Pollyanna

Fala, leitores!

Hoje trago uma resenha muito especial: Pollyanna, de Eleanor H. Porter. Este é um daqueles clássicos que atravessam gerações e continuam despertando reflexões sobre a forma como enxergamos a vida. Publicado em meados de 1913, o livro se consolidou como um fenômeno literário de seu tempo e até hoje guarda sua magia – a leveza da escrita de Eleanor conquista o leitor de imediato e o transporta para uma narrativa doce, porém repleta de significado.

A trama acompanha Pollyanna Whittier, uma garotinha órfã de pai e mãe, enviada para viver com a tia Polly, uma mulher rígida, rígida e aparentemente pouco disposta a abrir espaço para afetos. No entanto, a chegada da menina muda a rotina daquela cidade e, principalmente, da vida de sua tia. Pollyanna carrega consigo algo que a torna diferente: o famoso “jogo do contente”, uma filosofia simples de sempre encontrar um motivo para agradecer, mesmo diante das maiores adversidades.

Esse jogo, inicialmente um recurso que seu pai inventou para consolar os momentos difíceis, ganha corpo no dia a dia da protagonista. De forma quase inocente, Pollyanna vai tocando a vida de todos que cruza: vizinhos rabugentos, pessoas solitárias e até aqueles que pareciam já ter desistido da esperança. Sua positividade contagia e transforma não só os personagens ao redor, mas também o leitor, que inevitavelmente se pega refletindo sobre a importância de olhar para a vida com gratidão.

Pollyanna não é um livro que traz grandes debates sociais ou políticos de sua época. Na verdade, quando pensamos no contexto histórico do início do século XX, fica claro que Eleanor não tinha a intenção de levantar bandeiras. Seu poder está justamente na simplicidade: o lembrete de que o bem que oferecemos ao mundo retorna para nós de alguma forma.

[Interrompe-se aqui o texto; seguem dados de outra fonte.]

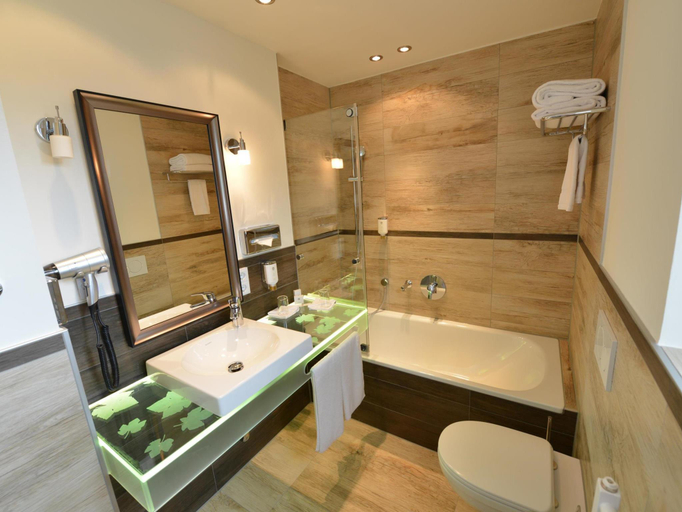 Bathroom 5, Best Western Plus Palatin Kongresshotel, Rhein-Neckar-Kreis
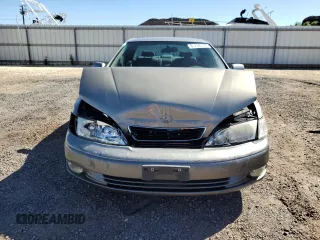 1997 Lexus ES 300 Luxury Sport Sdn with VIN JT8BF22G5V0010767, listed as a Copart auction lot 81738194 with 77,750 mi miles and Salvage Title. Bid and sale history available at carsss.com. Image 5.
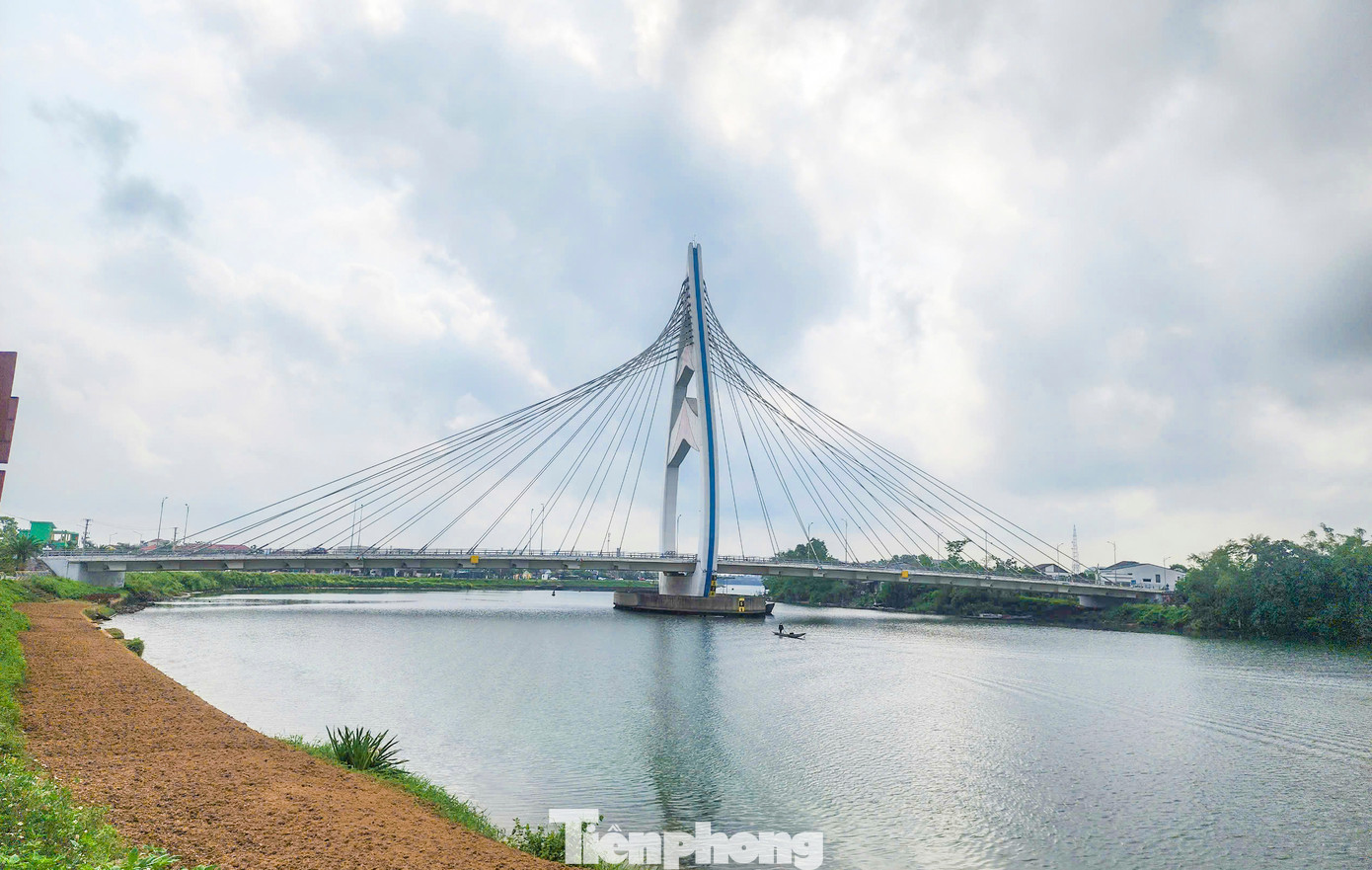 Có 5 cây cầu bắc qua sông Hiếu, một trong số đó là cầu An Lạc. Đây là cầu dây văng hiện đại với tổng mức đầu tư hơn 200 tỷ đồng, kết cấu mặt đường 4 làn xe cơ giới, trụ tháp hình búp sen cao 74m.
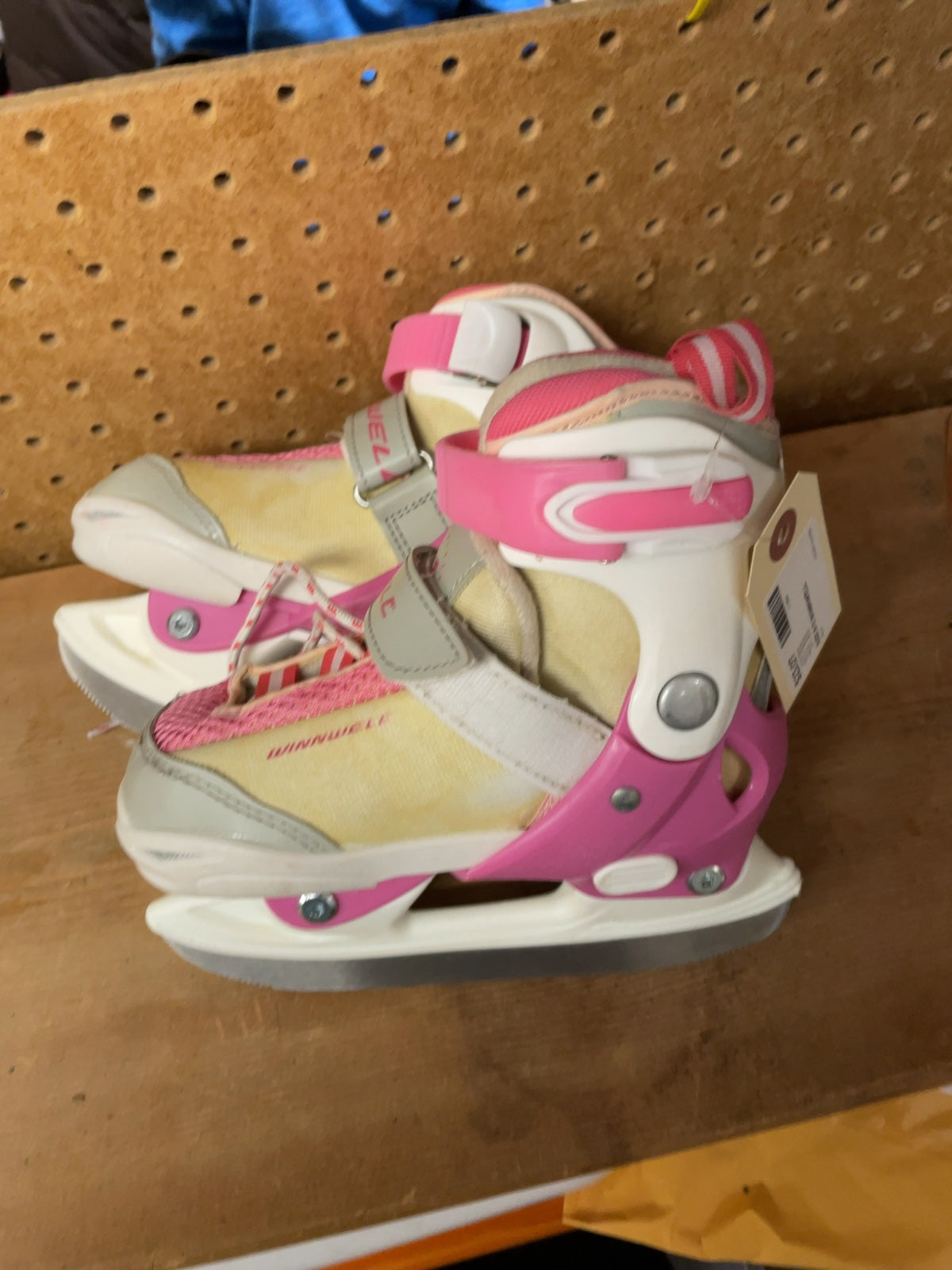 Winnwell Size 8-11 Adjustable Ice Skates Pink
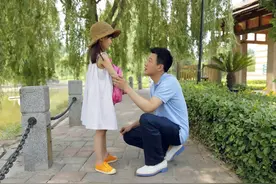 25岁哥哥送4岁妹妹上学，被误认“爸爸”多次，最后这么出门图片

E aqui quero deixar minhas considerações pessoais: Pollyanna foi o livro que me tirou da ressaca literária. A narrativa flui de forma encantadora, como se fosse uma conversa leve que aquece o coração. A escrita de Eleanor é delicada e acessível, nos conduzindo página após página sem esforço. O que mais me marcou foi perceber como atitudes positivas, por menores que pareçam, podem refletir em quem está ao nosso redor – e, no fim, em nós mesmos. Não é à toa que, mesmo sendo uma história de mais de cem anos, ela continua atual e inspiradora.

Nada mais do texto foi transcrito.